It was a Tuesday, which meant I had CCD. As my mom drove the 10 minutes it took to get from our house to church, I dreadfully looked out the window and felt like a prisoner already. I would have much rather spent the rest of my afternoon playing with Jesse, my childhood best friend, than having to sit in a stuffy and overly-lit basement with a bunch of other bored 13 year olds. Class starts and Father John starts rolling out a TV stand and I switch my attention from blankly staring at my shoelaces to the video in front of me. In the video, a clear cup of water gets black ink dropped into it. A hand appears with a spoon trying to fish the ink out and obviously fails, turning the water dark and nebulous. Father John turns the TV off and proceeds to explain to us the meaning behind the strange video. He said something along the lines of
“If you have sex before marriage, you will never be able to go back to the pure person you were before and god will be dissapointed in you”. The class clown of my CCD class raised his hand and asked if it’s the same case if you have gay sex. Father John responded by saying
“It just doesn’t fit, if you know what I mean” while he hit his fists together. I was astonished and disgusted by that comment, while the rest of the class seemed to think it was pretty funny. At this point, my confirmation was a month away and I started to question if I wanted to be a part of the Catholic community. It didn’t take me very long to make up my mind, I decided I didn’t want to go through with my confirmation. You could say my mom wasn’t too thrilled about my decision after 9 years of religious school. I didn’t want to ditch religion completely because I do believe there is a higher power and I feel like it gives me a sense of purpose to do well in life. So, I decided to explore my father’s religion, Judaism.

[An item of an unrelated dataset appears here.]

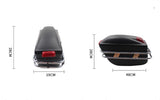 Motorcycle Side Case Hard Trunk Saddle Bag Luggage Saddlebags Motorcycles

The jewish religion is very accepting and holds great value to helping others. By deciding to practice Judaism, I felt like I was being true to my values. Judaism is so big on justice that they even have their own word for it: Tzedakah. This translates to “righteous behavior” and is viewed not as a matter of charity, but rather a moral requirement. With the intent to live a righteous life, you begin to embrace different perspectives and inclusiveness becomes ubiquitous.
February of my Junior Year of High school I went on a service trip to Nicaragua with my towns youth group, which comprised of my temple and the Presbysterian church. The third day we were there, which was by far the most memorable day of the trip, we went to a church that was in the middle of nowhere called La Iglesia de los Últimos Días. The special thing about this church was that the walls were adorned with not only crucifixes, but Stars of David as well. There was a small band in the front of the church that was accompanying their salsa music with hebrew lyrics. Regardless of faith, everyone was participating in the celebrations and having a great time.
I layed in bed that night on the bottom bunk understanding that, at their heart, all religions want people to feel welcome and that they have a sense of meaning and motivation in life. Judaism aims to instill good values in its followers through the teachings of the torah. Through this it creates a supportive and virtuous community that prides itself on loving and accepting all. Choosing to practice Judaism was a huge rite of passage in my life because it was the first decision I had made entirely on my own. I was able to change something I wasn’t happy about, while having my values as a driving force.